Trump's team added, "President Trump need not put forth documentary evidence of his designation decisions because his conduct unequivocally confirmed that he was treating the materials in question as personal records, rather than Presidential records."
The Justice Department argued that Trump's legal arguments were flawed and nonsensical.
"Plaintiff may not designate records qualifying as 'Presidential records' under the Presidential Records Act as his 'personal' records simply by saying so," DOJ told the court. "Plaintiff's designation of certain categories of records as 'personal' records is inconsistent with the text of the PRA."
DOJ then added, "Seeming to recognize that a record cannot both be a 'personal' record and be shielded by executive privilege, Plaintiff has indicated in dozens of instances that he asserts executive privilege only if the Special Master rejects his assertion that a document is a 'personal' record and determines that it is a Presidential record."
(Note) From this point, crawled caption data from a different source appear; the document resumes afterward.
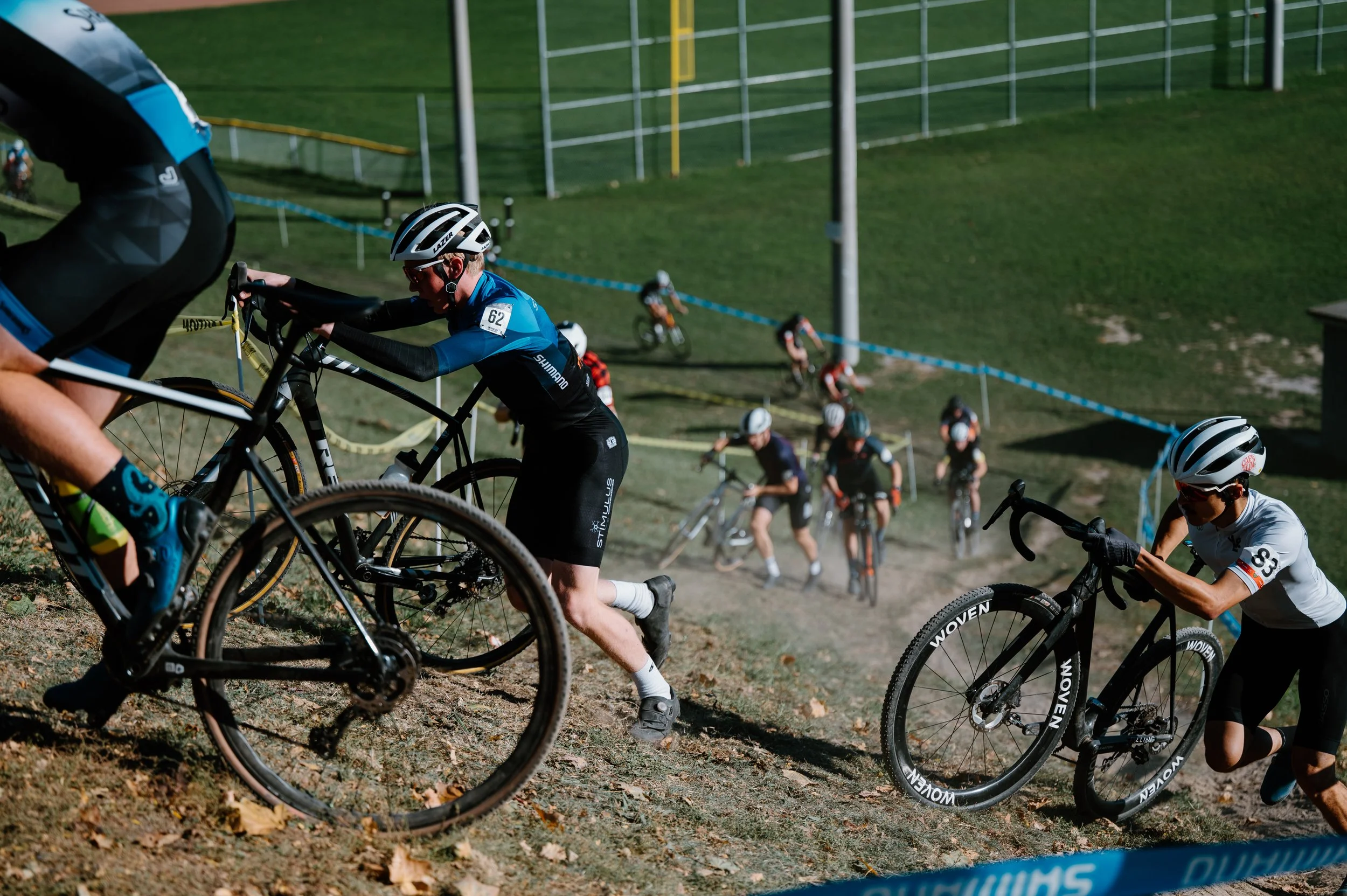 Cyclocross riders pushing uphill at Christie Pits Park in Toronto, suited for a Rapha cycling brand campaign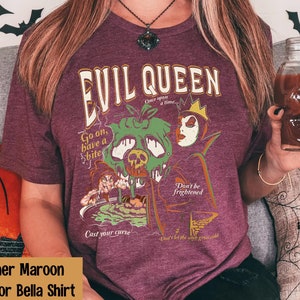 May include: Heather maroon t-shirt with a graphic print of the Evil Queen from Snow White. The graphic features the Evil Queen holding a poisoned apple and the text "Evil Queen", "Go on, have a bite", "Don't be frightened", "Cast your curse", and "Don't let the wind grow cold".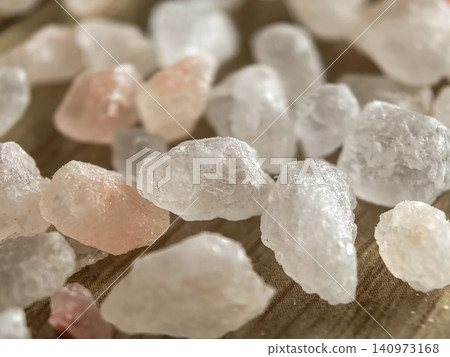 Macro close up of white rock salt crystals with pink Himalayan salt on fabric Macro close up of white rock salt crystals with pink Himalayan salt on fabric 140973168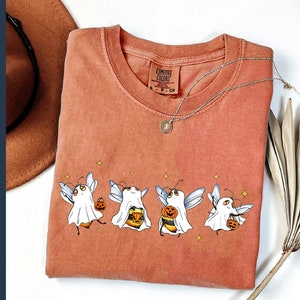 May include: A burnt orange t-shirt with a graphic of five cartoon ghosts holding jack-o-lanterns. The ghosts are wearing bee wings and have a cute, whimsical look. The text "COMFORT COLORS" is visible on the shirt.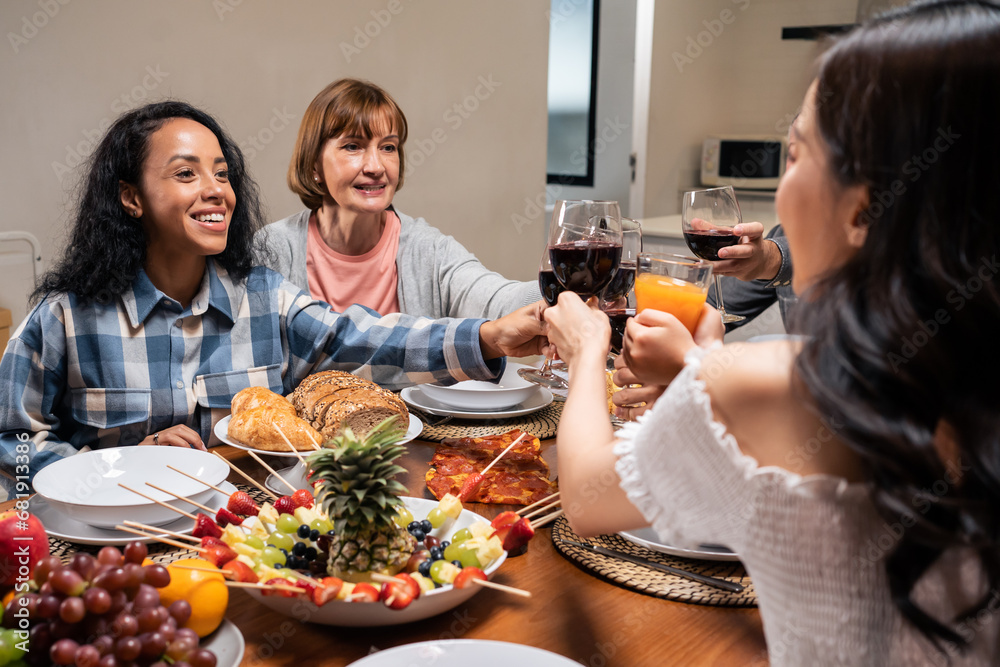 Multi-ethnic big family having dinner, enjoy evening party in house. 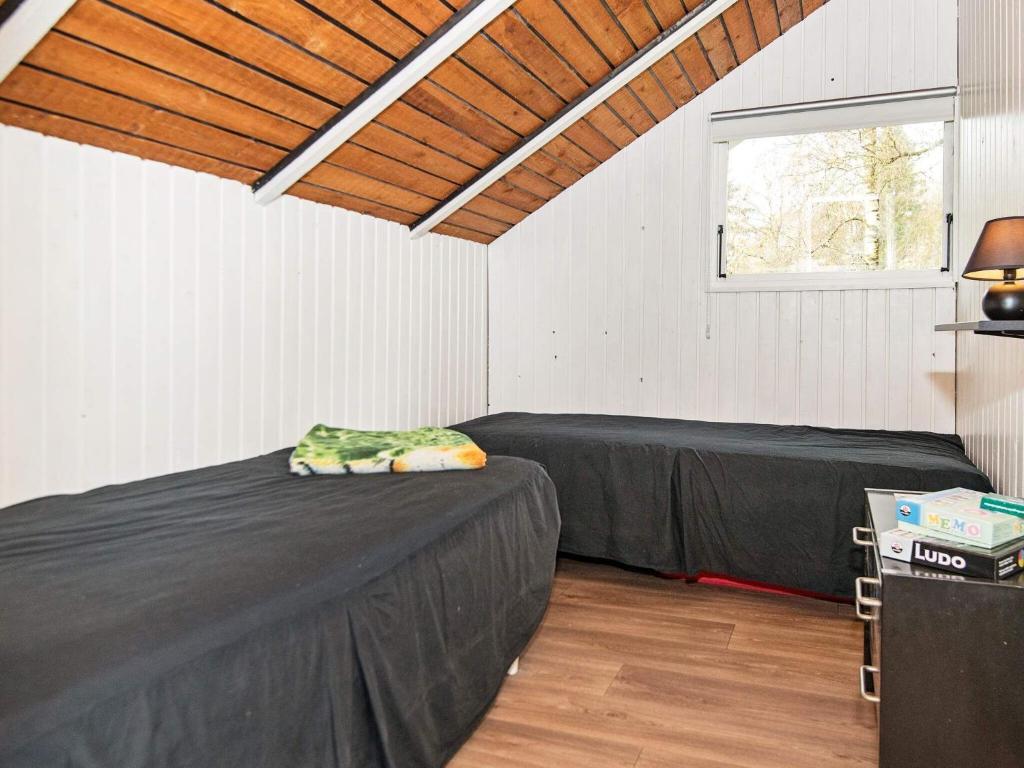 Postel nebo postele na pokoji v ubytování Holiday home Ansager XII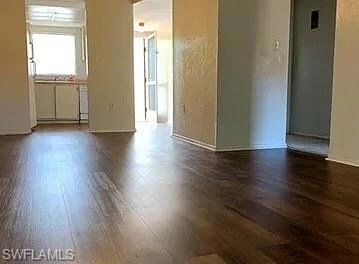Unfurnished room with dark wood-type flooring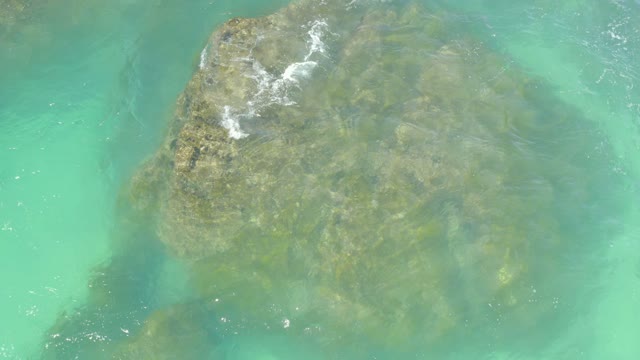 HILTON LOS CABOS MEXICO-2021: Waves Breaking on a Submerged Rock in Turquoise Water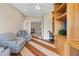 Office or sitting area with hardwood flooring, custom shelving, and comfortable armchairs at 3010 Hammerwood Dr, Las Vegas, NV 89135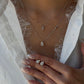Close-up of a model wearing a 1-carat pear-cut lab-grown diamond pendant necklace on a silver chain, layered with a small diamond cross necklace and matching pear-shaped diamond stud earrings.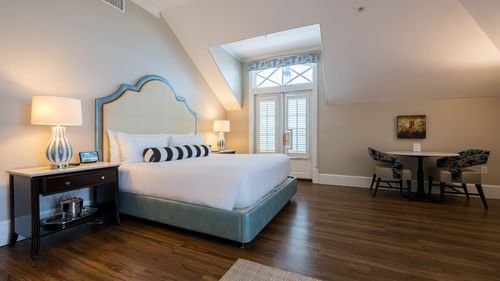 Spacious suite with hardwood floors and a king bed at The Pearl Hotel in Rosemary Beach.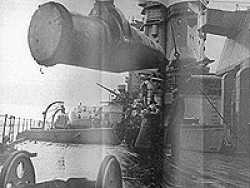 One of the 16 inch shells being hoisted aboard H.M.S. Rodney.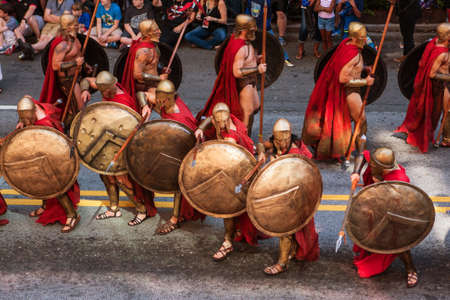Atlanta, Ga, USA - September 3, 2016:  Men dressed as Spartan warriors from the movie 300, strike a defensive pose with their shields and spears, as they walk in the annual Dragon Con parade on September 3, 2016 in Atlanta, GA.のeditorial素材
The records show Trump was being investigated under 18 U.S.C. 793, part of the Espionage Act, and in relation to "willful retention of national defense information." The records also pointed to 18 U.S.C. 2071, more specifically, the "concealment or removal" of government records, including 18 U.S.C. 1519, related to "obstruction" of a federal investigation.
Dearie is expected to decide next month whether to recommend prosecutors be permitted to access roughly 3,000 documents, though Cannon has the ultimate say. DOJ also has a pending appeal at the 11th Circuit Court of Appeals, requesting the entire process Cannon ordered at Trump's request be shut down.